====== Given material

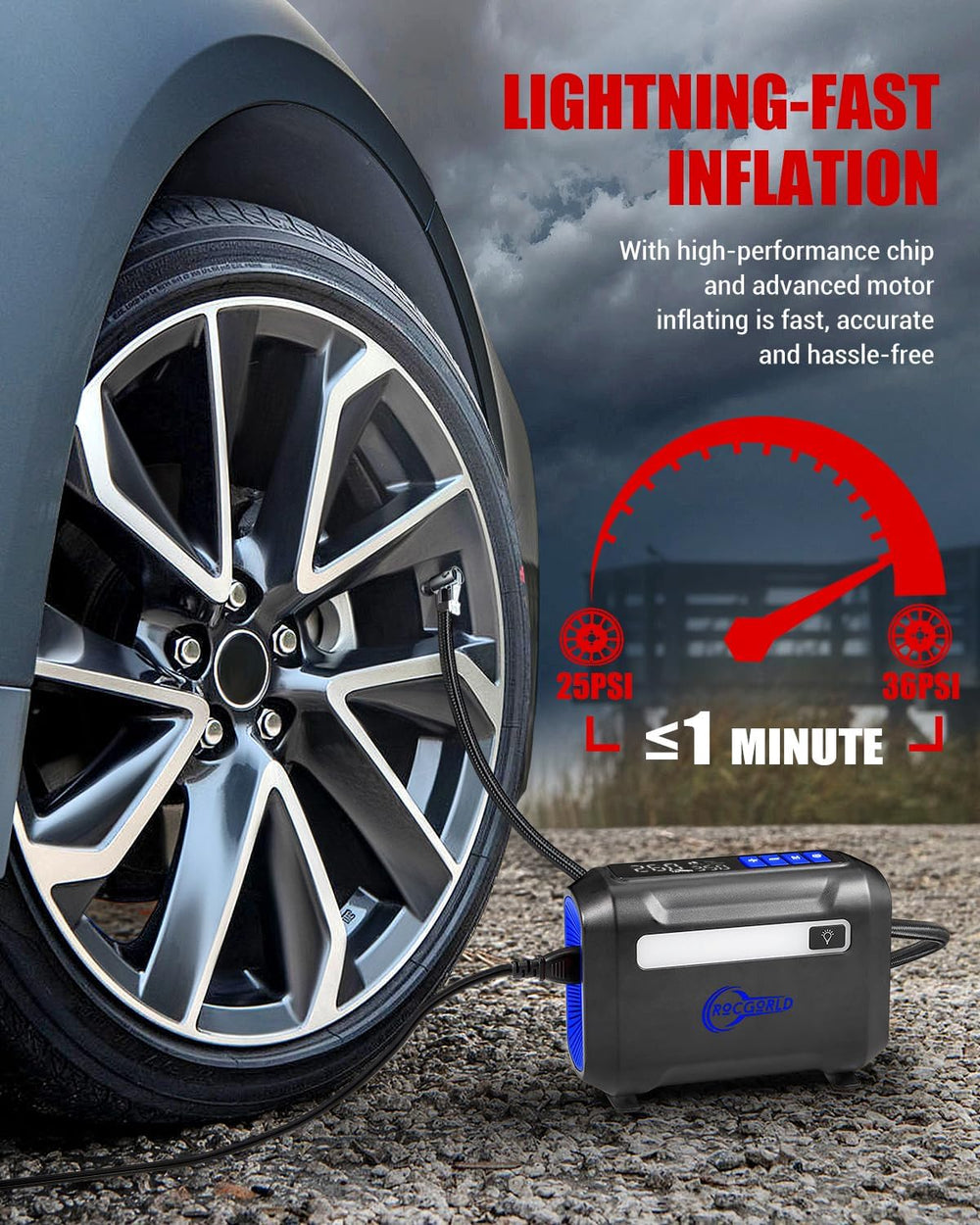 ROCGORLD R8 Tire Inflator Portable Air Compressor, DC 12V Air Compressor Port...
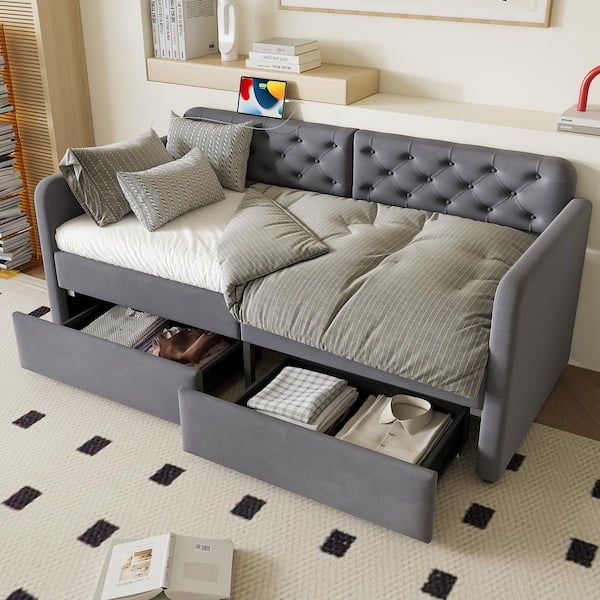 Lane Grey Velvet Upholstered Twin Size Daybed with 2 Storage Drawers, USB Charging, Tufted Back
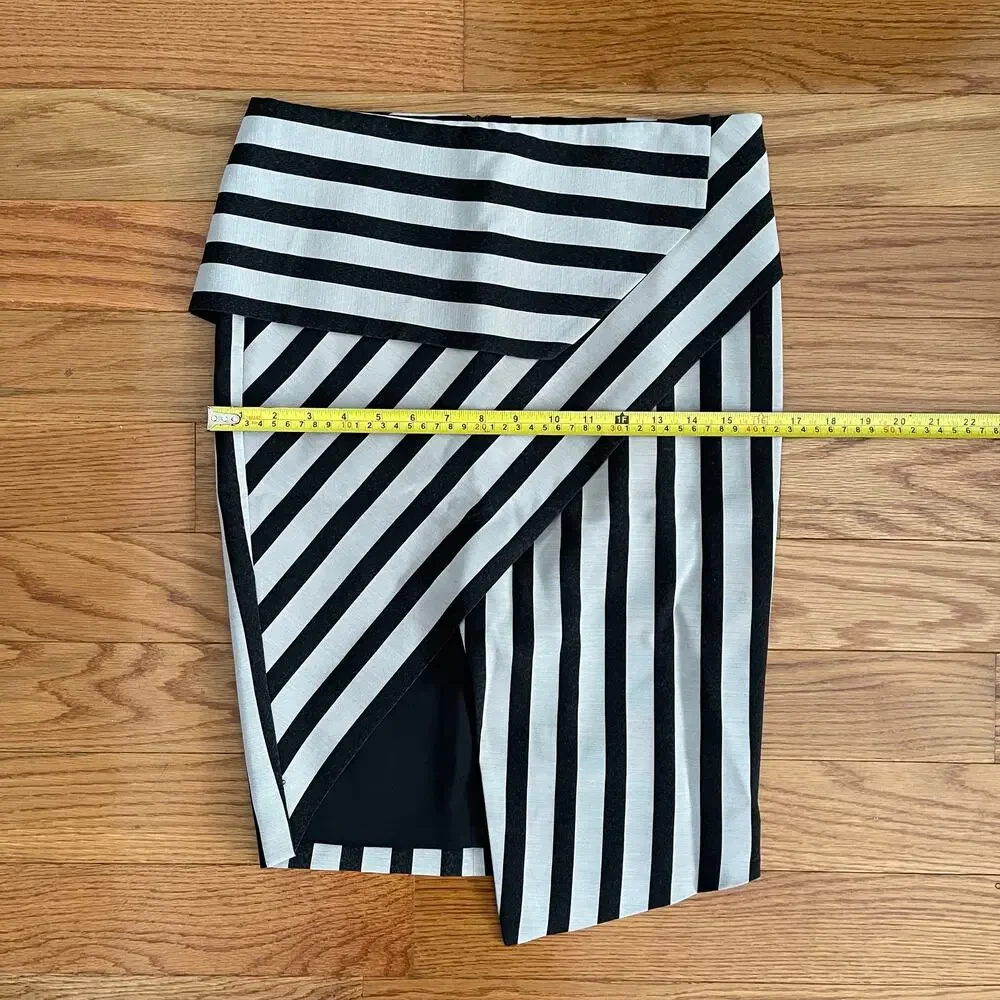 Mason Womens 2 Asymmetrical Skirt Black Taupe Striped Modern Design Maximalist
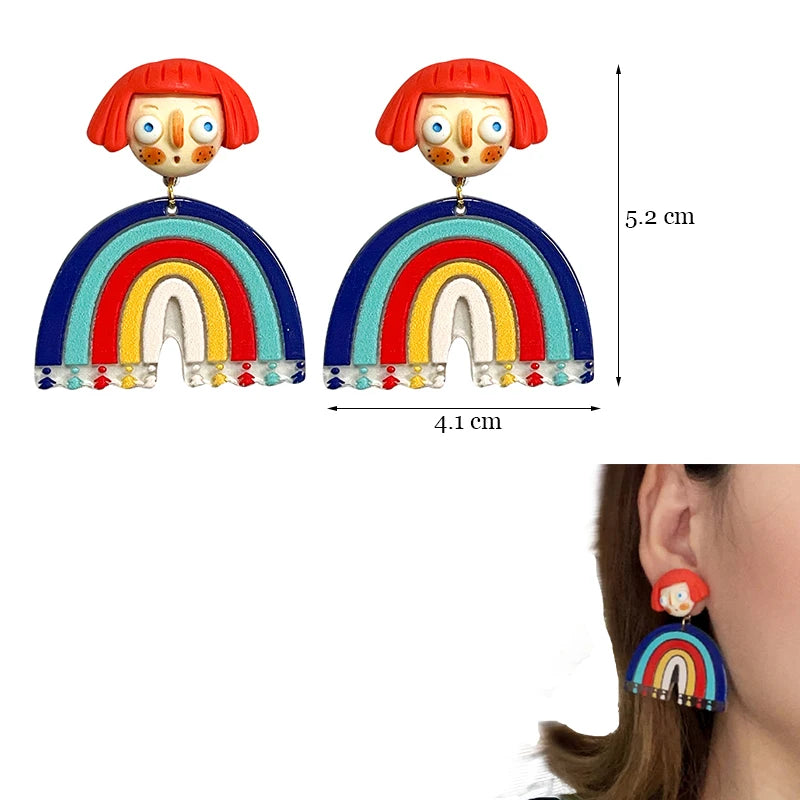 Top Sale Fashion Colourful Dangle Earrings for Women Accessories Stud Earring Y2K Pendientes New In Resin Earings-belleandkai.com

============

**What to produce**
Reproduce the lines above exactly, please, but not the pictures in them.

**Your solution**
 ROCGORLD R8 Tire Inflator Portable Air Compressor, DC 12V Air Compressor Port...
 Lane Grey Velvet Upholstered Twin Size Daybed with 2 Storage Drawers, USB Charging, Tufted Back
 Mason Womens 2 Asymmetrical Skirt Black Taupe Striped Modern Design Maximalist
 Top Sale Fashion Colourful Dangle Earrings for Women Accessories Stud Earring Y2K Pendientes New In Resin Earings-belleandkai.com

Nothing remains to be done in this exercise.